The Adventures of Priscilla, Queen of the Desert
drama-comedy, Australija, 1994
DIRECTED BY: Stephan Elliot
CAST:
Hugo Weaving (Tick / Mitzi),
Guy Pearce (Adam / Felicia),
Terence Stamp (Bernadette)
SCRIPT:
Stephan Elliot
PHOTOGRAPHY:
Brian J. Breheny
MUSIC:
Guy Gross
EDITING:
Sue Blainey
COSTUMES:
Tim Chappel,
Lizzy Gardiner
Synopsis:
Australia during the first half of the 90s of the last century.
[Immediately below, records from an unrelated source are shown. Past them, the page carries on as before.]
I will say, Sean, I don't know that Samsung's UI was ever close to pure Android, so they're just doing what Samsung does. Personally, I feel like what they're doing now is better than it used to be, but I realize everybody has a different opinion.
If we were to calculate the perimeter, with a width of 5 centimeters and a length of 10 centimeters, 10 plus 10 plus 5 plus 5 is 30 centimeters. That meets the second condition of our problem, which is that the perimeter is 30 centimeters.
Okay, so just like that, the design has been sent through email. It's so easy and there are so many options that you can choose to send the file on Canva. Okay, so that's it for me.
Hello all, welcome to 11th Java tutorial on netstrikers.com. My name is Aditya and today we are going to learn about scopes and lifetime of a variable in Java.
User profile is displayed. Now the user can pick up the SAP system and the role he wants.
Anthony ´Tick´ Belrose is a transvestite with the stage name Mitzi Del Bra, who with colleagues and friends Felicia Jollygoodfellow and Bernadette Bassenger earns a living performing in a transvestite bar in Sydney. Mitzi and Felicia, also known as Adam Whitely, and Bernadette, a transgender person, realize that their work is not going well, and they hope for something better. The opportunity to do better will come in the form of an invitation to Mitzi to perform at a casino in Alice Springs, a desert town in central Australia. Having decided and accepted the offer, Mitzi will without much effort persuade Felicia and Bernadette to go on a trip together. For the long and tiring journey across half of the continent, the girls buy a school bus that they remodel a bit and Felicia names it 'Priscilla, Queen of the Desert'. However, the girls do not know that during the trip they will experience numerous accidents and troubles, from a breakdown on the bus to homophobic outbursts in the rural environment in which they will find themselves, to violent attacks. At the same time, each of them will have to face their own demons: Felicia with drug addiction, Bernadette with the awareness that old age is knocking on her door, and Mitzi with the fact that she is married and has a son.
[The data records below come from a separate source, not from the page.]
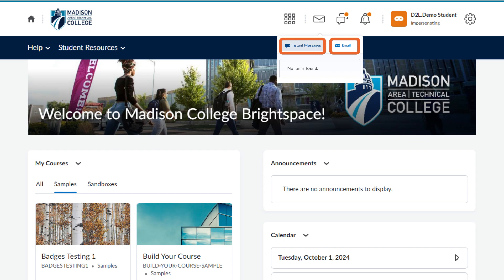While you are able to send and receive some messages through Brightspace, do remember to check your Outlook Student Inbox regularly to see all the emails you are receiving.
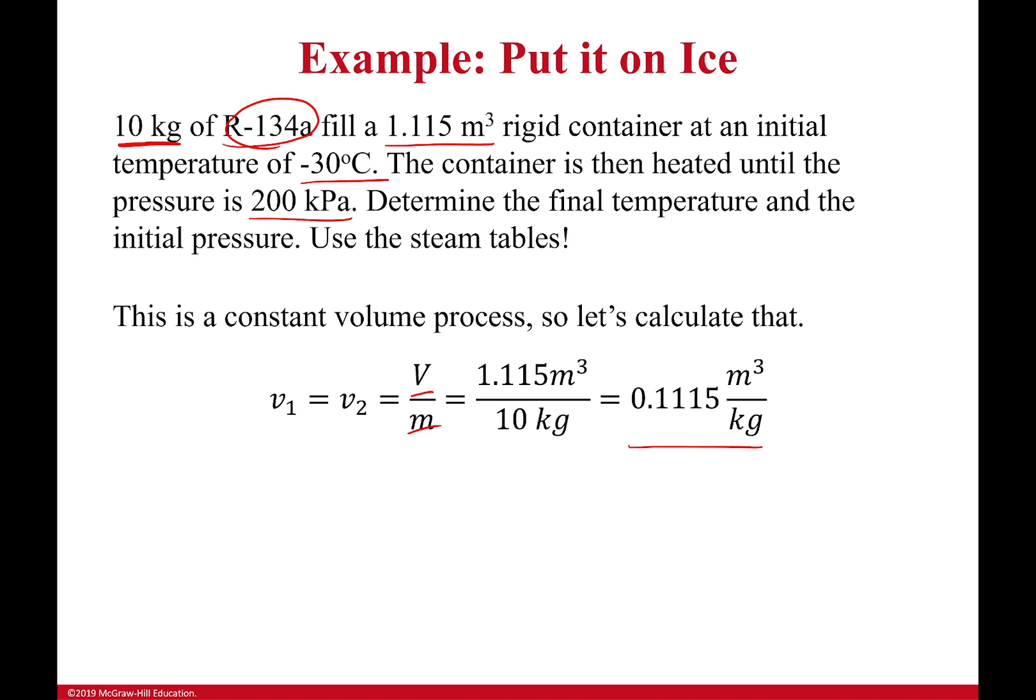Now before you can go any further in this problem, you're going to have to go to the tables normally. Like I give you all the information because, you know, magical teacher, but you're going to have to go to the tables to do that. So what I'm going to do is I'm going to pull open the tables for you, and we're going to see how that looks.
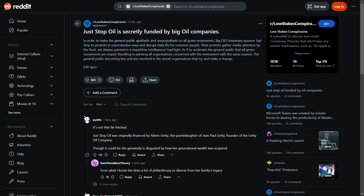Just Stop Oil is secretly funded by big oil companies. In order to make the public apathetic and unsympathetic to all green movements, big oil companies sponsor Just Stop protests in unproductive ways and disrupt daily life for common people. Their protests gather media attention by the flock, which is true. I'm an idiot making another video. There's loads of articles about it, it's all over Twitter. Nigel fucking Farage is tweeting about it. They're always painted in a stupid low intelligence bad light as if they acclimate the general public that all green movements are stupid, which is not true. I just don't think you should block fucking people on the way to work. It's not the right thing to do.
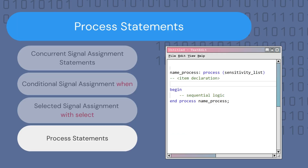The final concurrent statement we will observe in this video is the process statement. The process statement is considered a concurrent statement that executes in parallel to all other sections of the code and all other concurrent statements; however, inside it contains sequential logic that will be executed sequentially. We will not go into more detail about how processes work in this video — this will be covered in a future video.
In 1995, she was awarded the Oscar for Best Costume Design, the same year she was nominated for a Golden Globe in the categories of Best Film and Best Actor (Terence Stamp), and nominated for the most prestigious British BAFTA Award in five categories, including Best Actor for Terence Stamp and the Anthony Award. Asquith for Music, an excellent adventure musical-comedy is the most successful achievement in the career of Australian screenwriter and director Stephan Elliott, known for moderately intriguing and entertaining, but overall mediocre achievements such as Imposters, Welcome to Woop Woop, Eye of a Spy and American Bride. The work, which gained cult status in the LGBTQ+ community shortly after its premiere and became a camp classic, deals with stereotypes about trans people in a witty, entertaining and very charming way, while deliberately avoiding superficiality and trivial quips.
In an energetically directed film with a dynamic narrative, extremely moody acting interpretations and great use of natural and given locations, the three female protagonists are not presented unambiguously, as exclusive positives, but as layered, complex and well-rounded characters with their virtues and flaws, which are so human and well known to everyone . Relying on some elements of the cult film Naked in the Saddle by Dennis Hopper, specifically the plot about the non-conformist female protagonists who travel through an area mostly inhabited by primitives, the author successfully profiled the three central characters as well as several secondary ones, and deftly inserted tendentially kitsch and very effective musical elements into the whole. sequences. In addition to the worldwide audience at the time of the premiere of the not-so-famous Hugo Weaving, who a few years later would be crucially affirmed by his roles in the original Matrix and Lord of the Rings trilogies, excellent character actors Guy Pearce (Memento, L.A. Confidential) and Terence Stamp (Modesty Blaise Joseph Losey, Pasolini's Theorem, Steven Soderbergh's Revenge).